• _Instructions to follow_
Images in the data are to be skipped, while every line is restated exactly as written.

• _Recorded data_

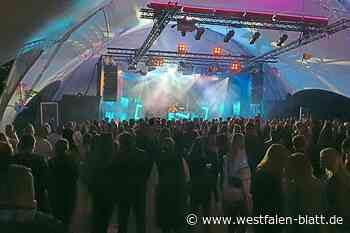 LGS-Springdance-Party sorgt in Corvey für Frühlingsgefühle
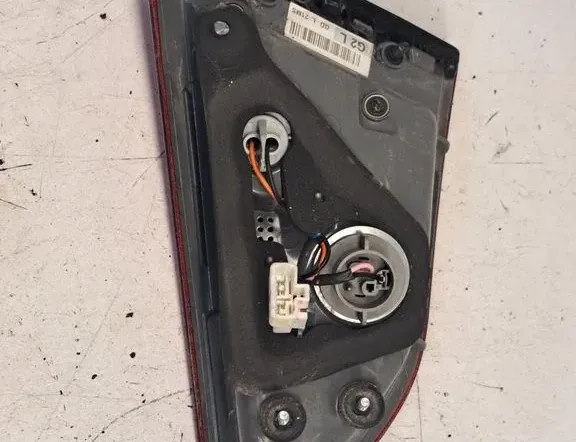 HYUNDAI i30 GD (2 generation) (2012-2017) Feu arrière de hayon côté gauche 92403A50 34243364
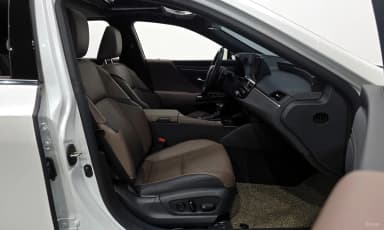ES300h 7th Generation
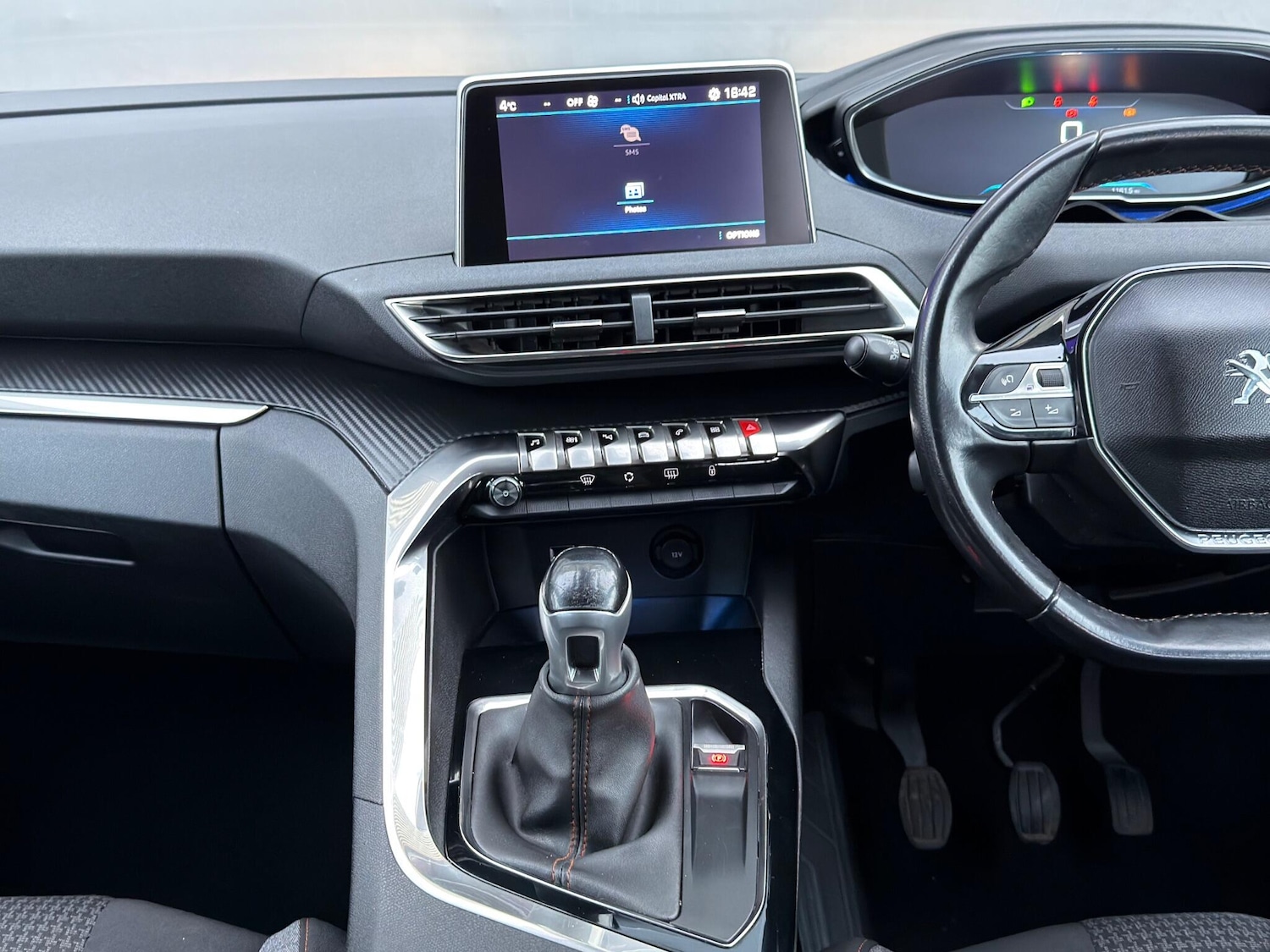 Used Peugeot 3008 2017 for sale - 77564624: Photo 14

• _Expected output_
 LGS-Springdance-Party sorgt in Corvey für Frühlingsgefühle
 HYUNDAI i30 GD (2 generation) (2012-2017) Feu arrière de hayon côté gauche 92403A50 34243364
ES300h 7th Generation
 Used Peugeot 3008 2017 for sale - 77564624: Photo 14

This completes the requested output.